Get single-byte bytes objects from a bytes object

InSync · December 22, 2023, 3:32pm

A bytes object yield int values when being iterated over:

>>> list(b'abc')
[97, 98, 99]

I find myself wanting something like this:

>>> b'abc'.to_list_of_single_bytes()
[b'a', b'b', b'c']

I thought that .split() is the method I was looking for, but apparently it rejects empty separators, unlike, say, JavaScript’s .split():

>>> b'abc'.split(b'') 
Traceback (most recent call last):
  File "<stdin>", line 1, in <module>
ValueError: empty separator

Of course, the result can also be achieved by a number of other ways:

>>> [bytes([byte]) for byte in b'abc']
[b'a', b'b', b'c']
>>> 
>>> [byte.to_bytes(1, 'big') for byte in b'abc']
[b'a', b'b', b'c']
>>> 
>>> import re
>>> re.findall(b'.', b'abc', flags = re.S)
[b'a', b'b', b'c']

…but all of them are somewhat verbose and do not look quite as “nice” as list(b'abc').

Is there a better way that I’m ignorant of?

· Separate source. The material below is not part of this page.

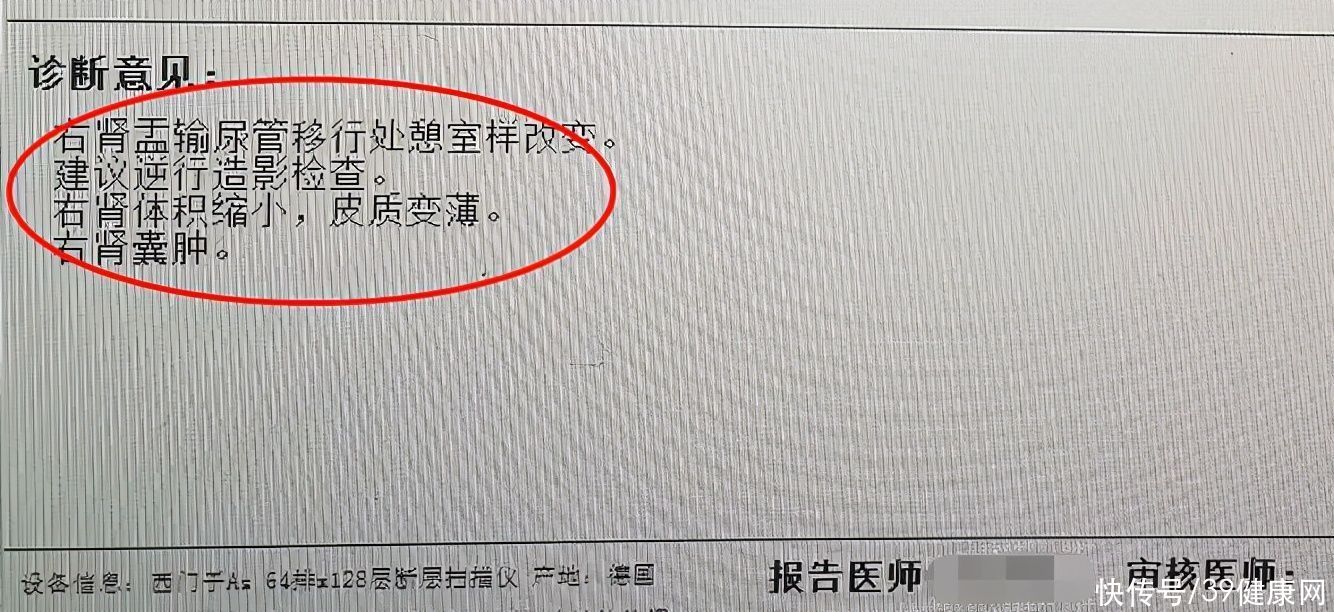  判断|一喝水就上厕所和喝水却没尿意，哪个才是肾脏不健康？如何判断？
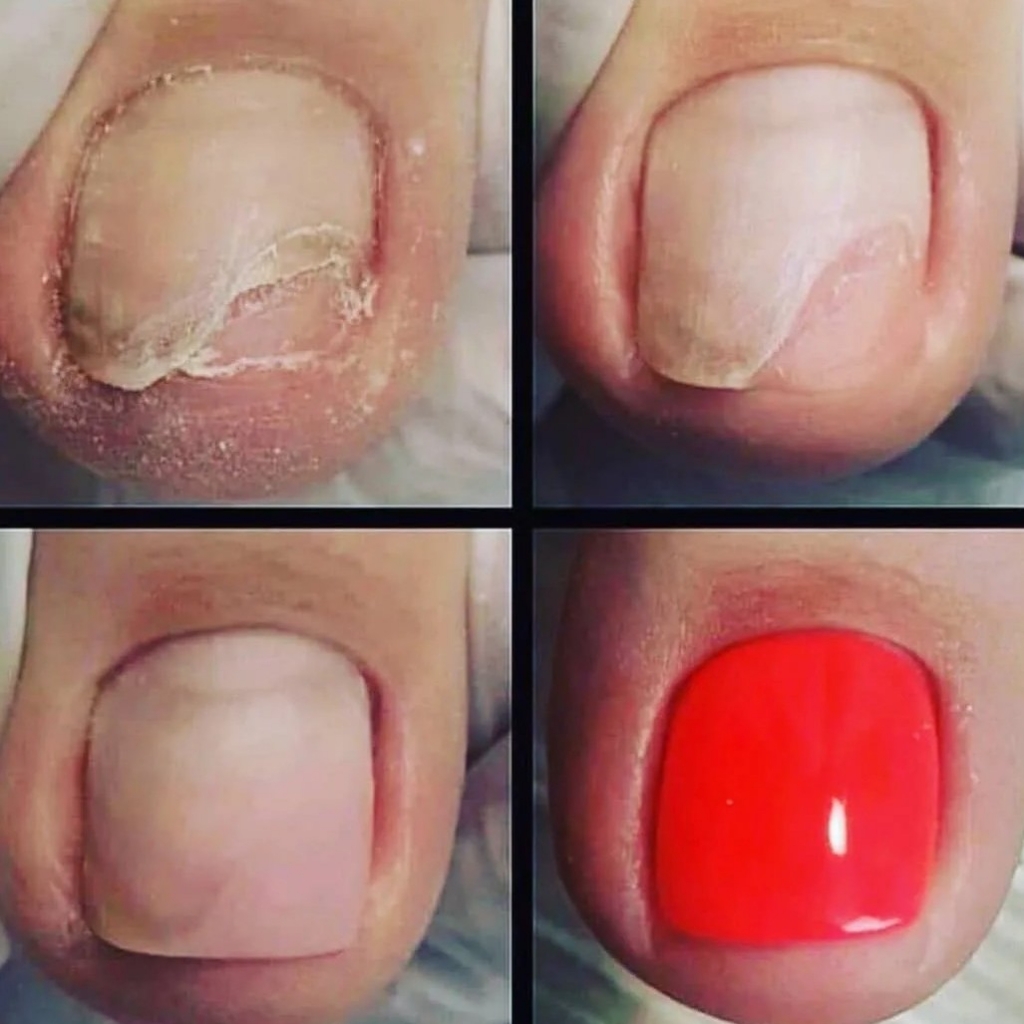 Протезирование 1-й ногтевой пластины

If not, would it be suitable to add such a method to the language?

jamestwebber · December 22, 2023, 3:50pm

How about

list(map(int.to_bytes, b'abc'))
>>> [b'a', b'b', b'c']

effigies · December 22, 2023, 4:00pm

int.to_bytes doesn’t work without additional arguments:

In [1]: list(map(int.to_bytes, b'abc'))
---------------------------------------------------------------------------
TypeError                                 Traceback (most recent call last)
Cell In[1], line 1
----> 1 list(map(int.to_bytes, b'abc'))

TypeError: to_bytes() missing required argument 'length' (pos 1)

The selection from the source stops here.